A l’occasion du Campus des Universités Européennes qui s’est tenu en juin, On’ a eu l’occasion de discuter avec plusieurs intervenants sur le sujet de la mobilité internationale étudiante. Pour le premier article de cette mini-série, Mélanie Zabbal a pu rencontrer Juan Rayón González, qui explique le rôle de l’Erasmus Student Network dont il est le Président.

L’interview est disponible en anglais dans la deuxième partie de l’article. The interview is available in english in the second part of the article.

Je pense que les étudiants en droit imaginent souvent à tort qu’il n’est pas utile de partir en Erasmus, puisque la loi change en fonction des Etats.

Juan Rayón González

On’ : Bonjour. Avant de commencer, pourriez-vous nous parler un peu de vous ?

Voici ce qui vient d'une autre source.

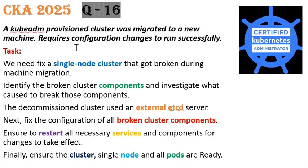Hi guys, welcome back to JRME. Today we'll discuss about one more CKA exam question in the series.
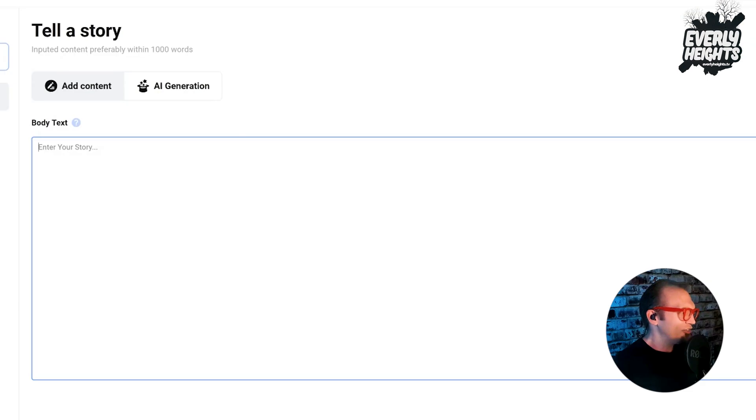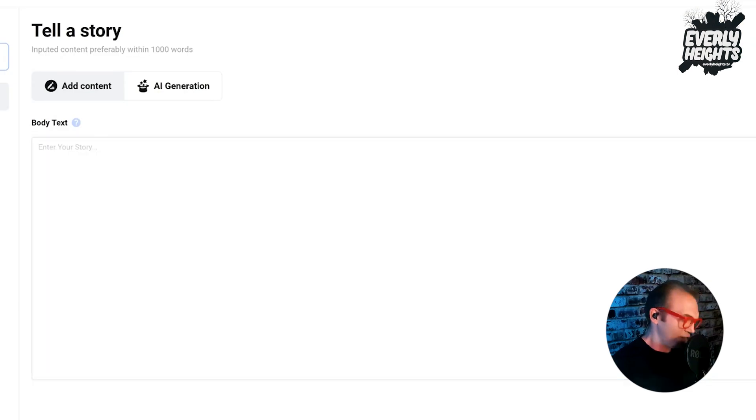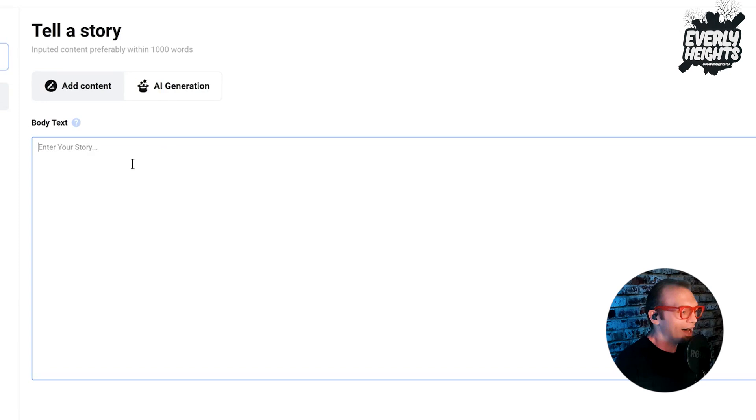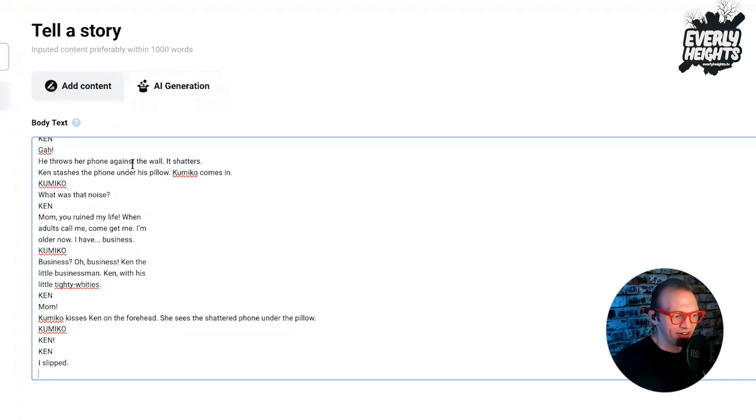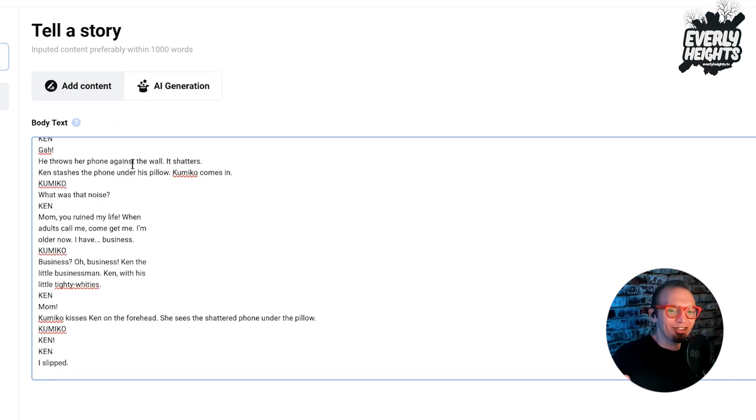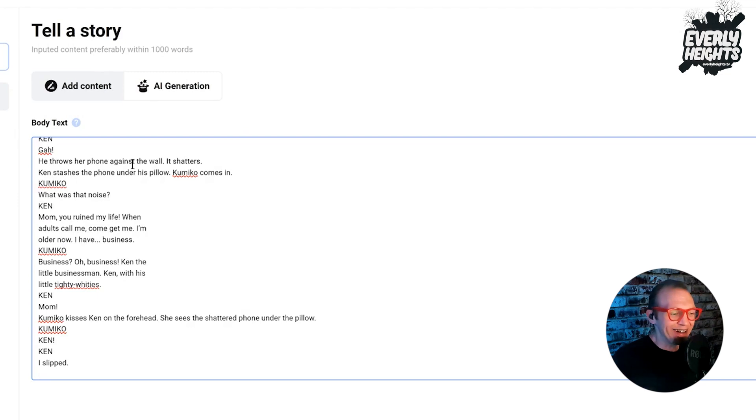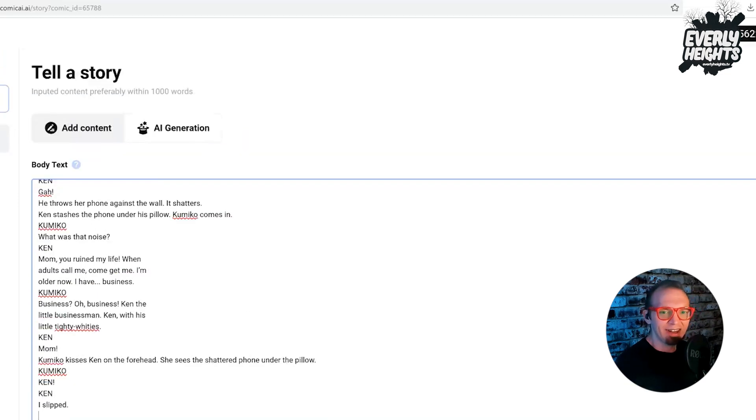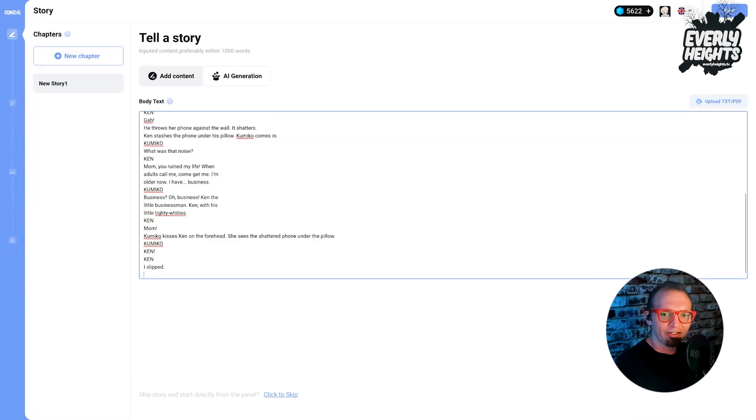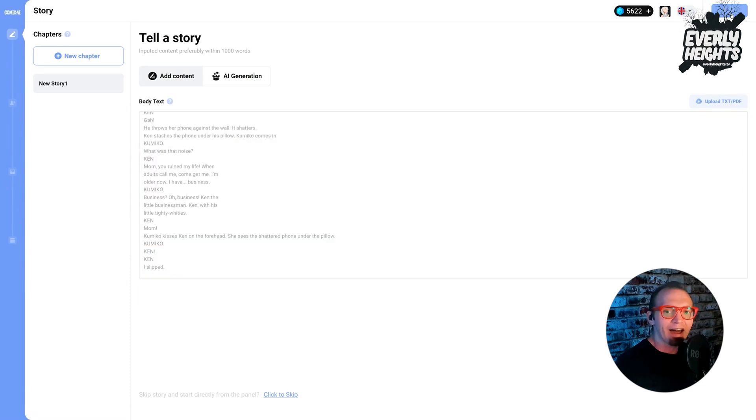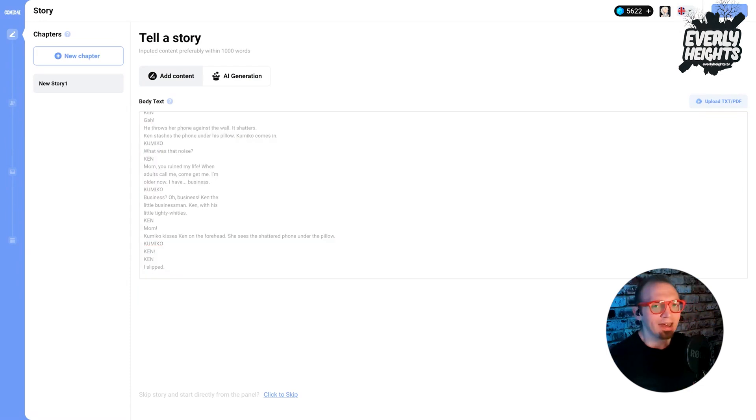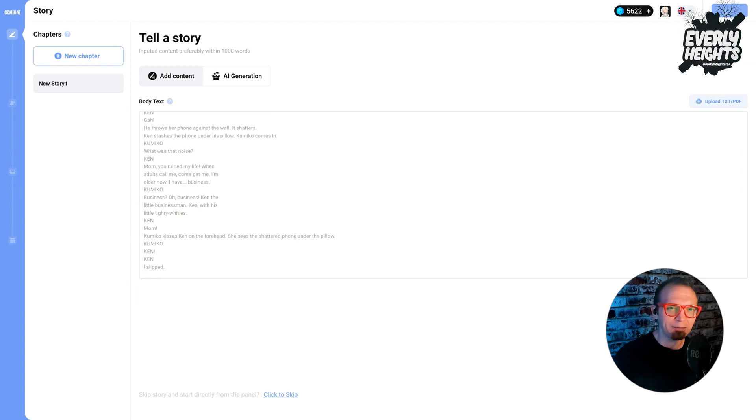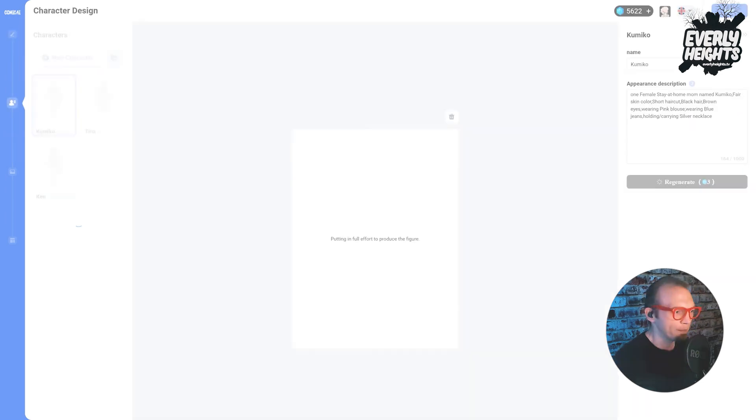Now, since I already have my script here that I wrote as a TV pilot, I'm just going to paste in the script of the scene. I don't know if it's going to really understand what I'm doing here, but we'll put the script for the scene in and see what it does for us. So go ahead and click Next. And the AI will sort of process this and try and break it up into panels and pages for you.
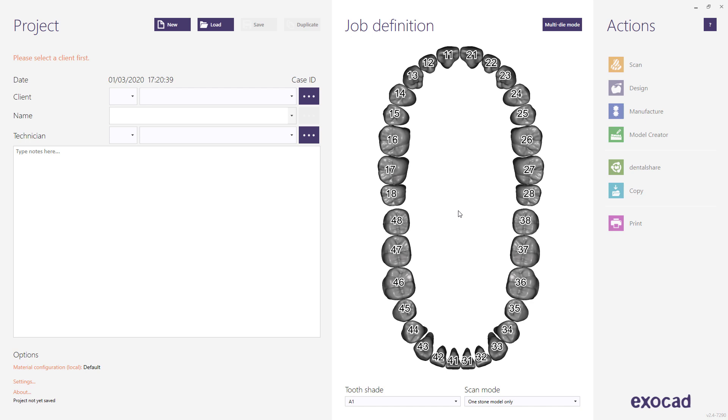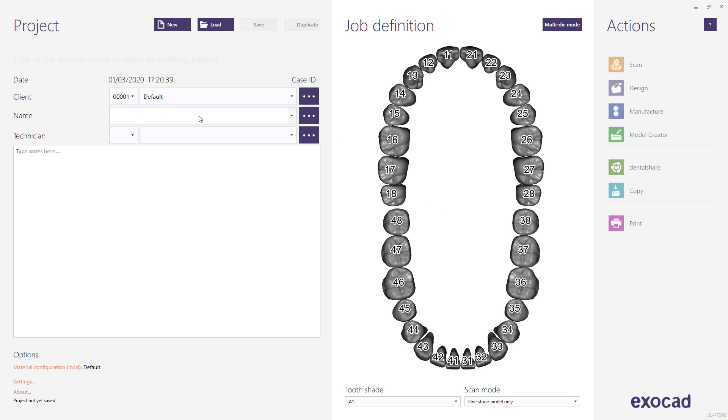To start, run the DentalDB application. Select a client from the drop-down list. Enter the name of the patient or case. Use a comma to separate surname and first name.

Je suis le président actuel du « Erasmus Student Network ». J’ai effectué des études de droit et ai toujours rêvé de vivre un séjour Erasmus. J’en ai finalement réalisé un à Istanbul. Ce fut une expérience très enrichissante pour moi, je trouve que c’est important de le souligner. Je pense que les étudiants en droit imaginent souvent à tord qu’il n’est pas utile de partir en Erasmus, puisque la loi change en fonction des Etats. Au contraire, je trouve que cela m’a beaucoup apporté. Pour autant, je reconnais que c’était un challenge car le droit turc est différent du droit que je connaissais.

On’ : Pourriez-vous nous décrire l’« Erasmus Student Network » ?

L’« Erasmus Student Network » (ESN) est le plus grand réseau d’étudiants souhaitant partir en Erasmus et d’anciens élèves (alumni) ayant effectué un programme Erasmus. Il est composé de 15 000 volontaires dont 70% d’alumni. C’est la plus grande organisation d’alumni. Ce sont tous des étudiants qui souhaitent prendre part au partage et à la promotion des valeurs portées par Erasmus, et il y a un grand sens d’unité entre eux malgré leurs différences. Ils viennent en effet de 31 pays différents, faisant partie de l’Union Européenne ou non.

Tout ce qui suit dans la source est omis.